Its wind speed reached 161 miles per hour, the fourth-strongest on record for a U.S. hurricane, and it raised the level of the Gulf of Mexico by fourteen feet before its eyewall slammed into a laid-back vacation town called Mexico Beach. In a matter of hours, Hurricane Michael ripped up roads, shredded forests, and reduced entire housing blocks to sand-covered slabs.
Media coverage, donations, and volunteerism have lagged in comparison to disasters of its scale. Eight months passed before a federal relief package was signed for the victims of the storm (compared to 10 days after Katrina). Awareness, even within the state of Florida, is so low that the hurricane has been nicknamed “the forgotten Category Five.”
But two years later, many of Michael’s victims are living with constant reminders of the storm. Blue tarps, mangled trees, and leaky roofs are familiar parts of the struggle to recover from the $25 billion of damage left in the storm’s path. And chief among those challenges is a housing crisis. According to the National Low Income Housing Coalition, over 40,000 homes were damaged or destroyed by flooding and wind, and over 1,400 federally assisted rental homes were destroyed or substantially damaged.

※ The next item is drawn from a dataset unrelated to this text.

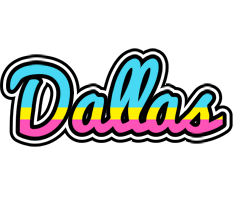 Dallas circus logo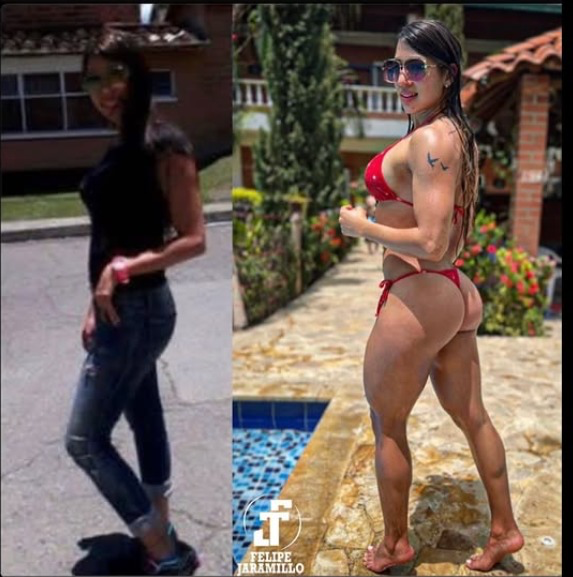 Valeria Restrepo Transformación Real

A forthcoming study by a team of climate change researchers based in Sweden and The Netherlands dug into the housing data of one small storm-impacted area, Gulf County, trying to identify the most impacted among Michael’s victims. Their results are surprising and highlight grave impacts in lower-income parts of the county that have otherwise gone overlooked. Ultimately, they believe that measuring disaster impacts can be improved — and the recovery process can become more equitable — if similar analyses are used to understand damage in future disasters.